Movie Review: Scott Pilgrim vs. The World (2010)

I walked out of Scott Pilgrim thinking, “I wonder what someone just wandering in cold with no knowledge of the graphic novels would make of this movie?” From a box office standpoint, I was wondering who exactly was going to go see this and as of week 2….pretty much nobody. Director Edgar Wright’s first two movies, Shaun of the Dead and Hot Fuzz, were not box office hits either and developed a strong following on DVD, but I doubt they cost a fraction of what Scott Pilgrim did. To recap, Scott Pilgrim is the story of a bass playing slacker who falls in love with a girl he meets at a party, but must defeat in battle her seven evil exes before they can be together. That’s really about a succinctly as you can sum up a story that combines music, manga, comics, rapid-fire witticisms, and aracde-style video game boss fights in a way that made the six Scott Pilgrim graphic novels unlike anything on the stands. The movie captures that sprit perfectly. I have some issues with it, but if you liked the graphic novels, you’ll love the movie.
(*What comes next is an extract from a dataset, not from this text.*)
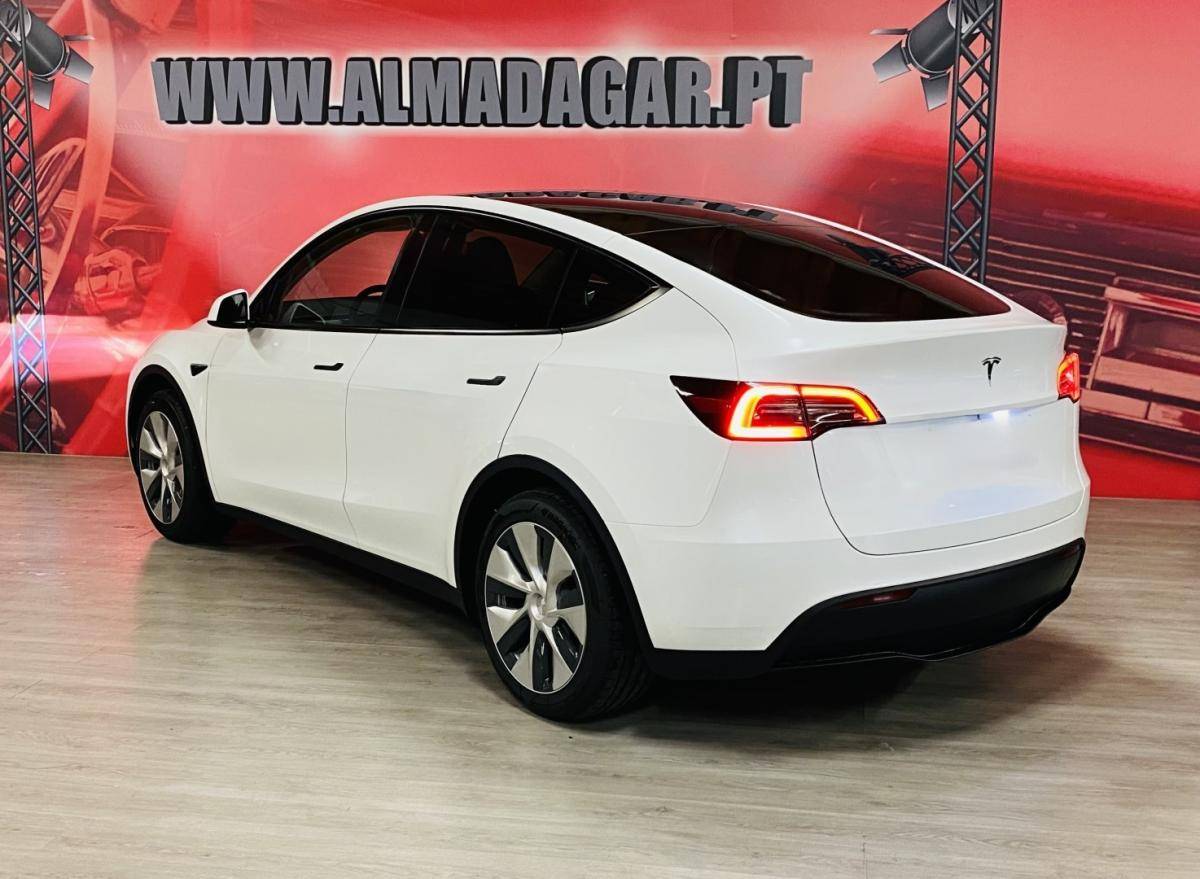 tesla-model-y-2023-eletrico-0cc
Scott Pilgrim is it’s own movie, it is telling its story the way it wants to, and if you don’t have the geek cred to follow along, you will probably get lost in the dust. My pockets sag with geek cred, but I got a little exhausted by the movie. Not in a wholly bad way, but if you’ve seen Shaun of the Dead or Hot Fuzz, you’ll know that Edgar Wright-he shoots a frenetic movie. Cuts every three or four seconds, scene changes slam back and forth, quick lines, quick transitions, and when this meets source material that was frenetic to begin with…you could develop ADD from watching the film. That might be a criticism or not…I’m not sure. My mind is still pinballing around act 3.
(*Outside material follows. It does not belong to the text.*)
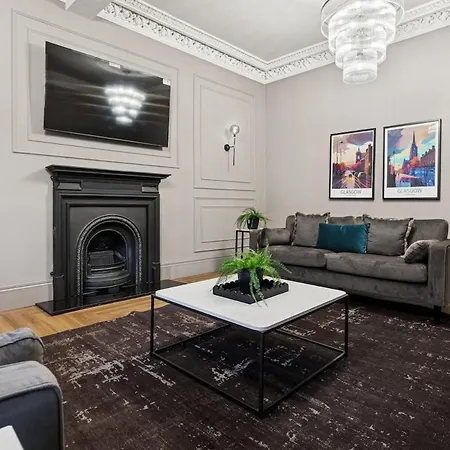 Spacious 5 Bedroom With 3 Bathrooms And Private Parking *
What’s good? It’s funny. Scott Pilgrim brings the funny. The battles with the evil exes are just fantastic. They got amazing actors to commit to come in to do a few days of shooting for the fights and among the evil exes you will see Chris Evans (Capt. America) and Brandon Routh (Superman) and a brief cameo by Tom Jane (Punisher). Scott runs a superhero gauntlet here. Chris Evans in particular was hysterical and his boss fight was my favorite. Evans was so good I would say he stole the movie, but Kieran Culkin beat him to it playing Scott’s roommate Wallace. Everytime he was on sceen he just dropped gold. Wallace’s involvement in the story fades as it goes onwards and you miss him.
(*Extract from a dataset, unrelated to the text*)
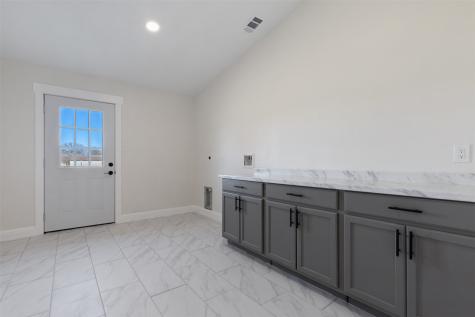 137 S Meadowbrook Drive Pottsboro TX 75076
What’s not so good? I found the main two characters unsympathetic in the graphic novels and that translates over to the movie. Maybe that’s just me, but I don’t particularly like Scott or Ramona so I don’t care what happens to them. I think Michael Cera is great, and I have loved him since Arrested Development, but this time he was miscast. I spent the whole movie just being taken out of it by thinking, “Hey, that’s Michael Cera!” instead of buying him as the character.

If I sound torn, it’s because I am. Technically, it’s outstanding. It’s well-made, well-directed, the cast is fantastic, and it’s completely in tune with its source material. On the other hand, I never felt invested with the main characters and-again-FRENETIC. It certainly deserves attention and to do better at the box office than some of the movies that are beating it, so give it a try and tell me what you think.